8.2.1. WordCloud using titles
# create variable based on 'title' attribute
title = df_clean.title
# title treatment
## concatenate words
all_title = ' '.join(s for s in title)
# create variable with list of stopwords
stopwords = set(STOPWORDS)
# instantiate wordcloud
wordcloud = WordCloud(stopwords=stopwords,
background_color='black').generate(all_title)
# print image with result
fig, ax = plt.subplots(figsize=(10, 6))
ax.imshow(wordcloud, interpolation='bilinear')
ax.set_axis_off()
# print WordCloud
plt.imshow(wordcloud)
# save generated image
wordcloud.to_file('news_titles_wordcloud.png')
Note that the most prominent words are: new york, york times, breitbart, trump, donald trump, hillary, hillary clinton.
We can also check the number of words that were used to create the cloud above:
# print total words used to create cloud
print('Total words used: {}'.format(len(all_title)))
'''
Total words used: 1540706
'''
8.2.2. WordCloud using news text
# create variable based on 'text' attribute
text = df_clean.text
# text treatment
## concatenate words
all_text = ' '.join(s for s in text)
# create variable with list of stopwords
stopwords = set(STOPWORDS)
# instantiate wordcloud
wordcloud = WordCloud(stopwords=stopwords,
background_color='black').generate(all_text)
# print image with result
fig, ax = plt.subplots(figsize=(10, 6))
ax.imshow(wordcloud, interpolation='bilinear')
ax.set_axis_off()
# print WordCloud
plt.imshow(wordcloud)
# save generated image
wordcloud.to_file('news_titles_wordcloud.png')
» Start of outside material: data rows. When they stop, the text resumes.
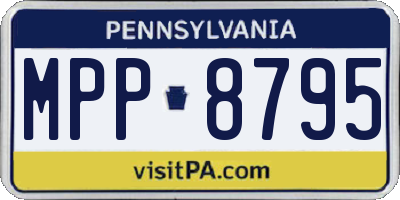 PA license plate MPP8795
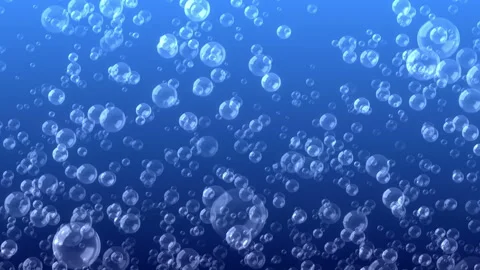 4k Animated Bubbles Blue Background Video stock 113460259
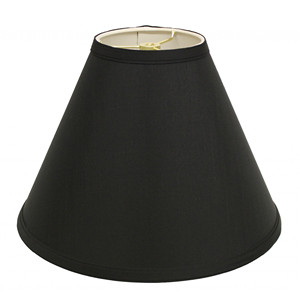 HMS 15 \ "coretto nero profondo cono inclinato senza paralume Shantung eleganti coperture e tonalità di lampada Jet Black - Product Image 1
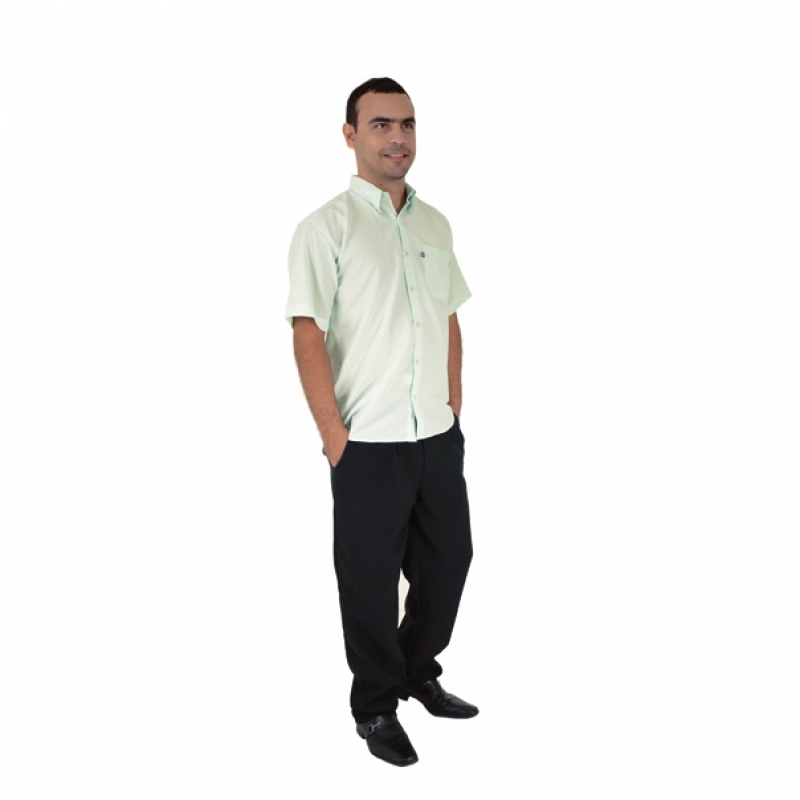 Calça de Uniforme Masculino Valor Breu Branco - Calça de Uniforme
Here, it is clear that the most prominent words are: said, one, people, mr trump, many, now.
Let’s check the number of words that were used to create the cloud above:
# print total words used to create cloud
print('Total words used: {}'.format(len(all_text)))
'''
Total words used: 97524186
'''
8.3. Authors’ analysis
Let’s look in more detail at the authorship of the news in the dataset under analysis. First, we will check how many authors we have in total, then we will make a ranking with the number of articles published.
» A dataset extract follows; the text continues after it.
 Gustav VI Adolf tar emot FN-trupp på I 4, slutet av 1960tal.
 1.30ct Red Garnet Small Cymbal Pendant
# check number of unique entries
print('This set has {} different authors.'.format(len(df_clean.author.unique())))
'''
This set has 3804 different authors.
'''
# ranking of the 10 authors with the highest number of published articles
best_authors = df_clean.author.value_counts()[:10]
print(best_authors)
'''
pam key 243
admin 216
jerome hudson 166
charlie spiering 141
john hayward 140
katherine rodriguez 124
warner todd huston 122
ian hanchett 119
breitbart news 118
daniel nussbaum 112
Name: author, dtype: int64
'''
# extract names of authors and the number of articles published
authors = best_authors.index
article_counts = best_authors.values
# create horizontal bar chart
fig, ax = plt.subplots(figsize=(10, 6))
ax.barh(authors, article_counts, color='#91aac9')
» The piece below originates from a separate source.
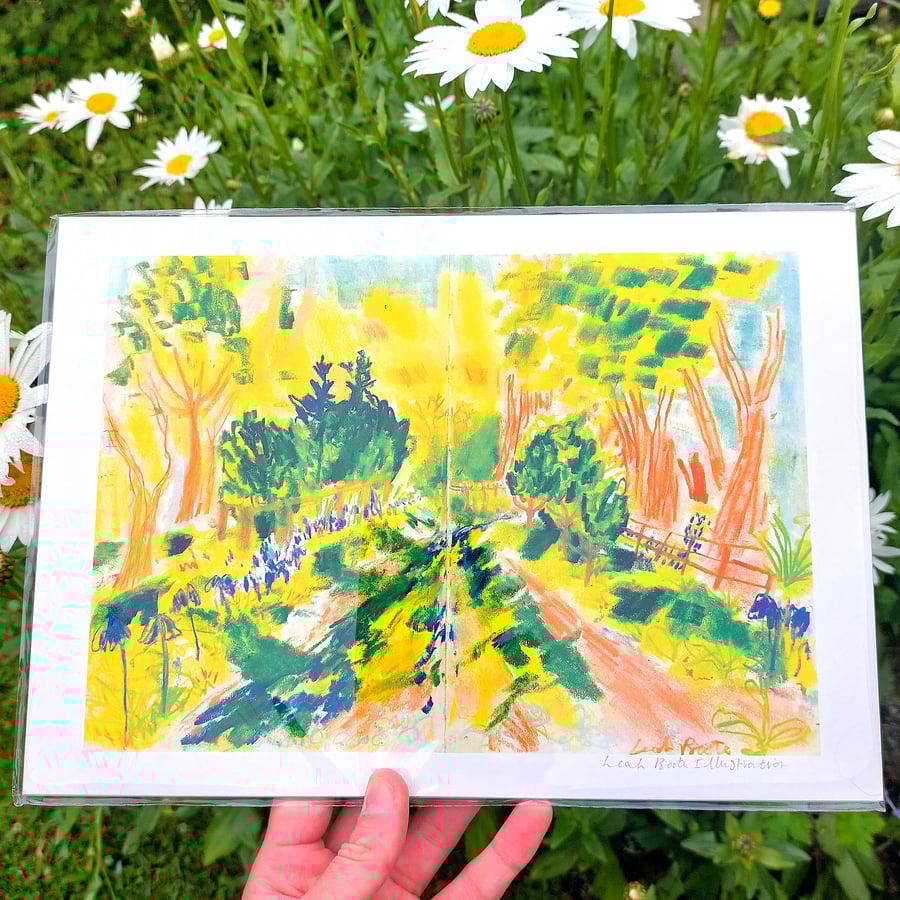 A4 Sunrise at Enys Gardens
ax.set_xlabel('Number of Articles')
ax.set_ylabel('Author')
# title
ax.text(-60, -1.5, 'Top 10 authors with the highest number of published articles', fontsize=16, color='#004a8f',
fontweight='bold')
# number of articles per author
## pam key
ax.text(230, 0.15, '243', fontsize=12, color='#004a8f')
## admin
ax.text(203, 1.15, '216', fontsize=12, color='#004a8f')
## jerome hudson
ax.text(153, 2.15, '166', fontsize=12, color='#004a8f')
## charlie spiering
ax.text(127, 3.15, '141', fontsize=12, color='#004a8f')
## john hayward
ax.text(127, 4.15, '140', fontsize=12, color='#004a8f')
## katherine rodriguez
ax.text(111, 5.15, '124', fontsize=12, color='#004a8f')
## warner todd huston
ax.text(109, 6.15, '122', fontsize=12, color='#004a8f')
## ian hanchett
ax.text(105, 7.15, '119', fontsize=12, color='#004a8f')
## breitbart news
ax.text(105, 8.15, '118', fontsize=12, color='#004a8f')
## daniel nussbaum
ax.text(100, 9.15, '112', fontsize=12, color='#004a8f')
plt.gca().invert_yaxis() # Invert the y-axis so that the author with the most articles is at the top
plt.show()
8.4. Splitting sets into: training, validation, and testing
Next, we will create a validation set from the training set with a 75:25 ratio. This means that 75% of the dataset will continue to be used for training the model, while 25% will be used to validate the model created by the algorithm.
# split training, testing and validation data
## stratify= df_clean.label (to split so that classes have the same proportion)
## random_state so that the result is replicable
train, df_temp = train_test_split(df_clean, test_size=0.25, stratify=df_clean.label, shuffle=True, random_state=123)
validation, test = train_test_split(df_temp, test_size=0.5,stratify=df_temp.label, shuffle=True, random_state=123)
# check set sizes
print('The training set has \t{} records'.format(train.shape[0]))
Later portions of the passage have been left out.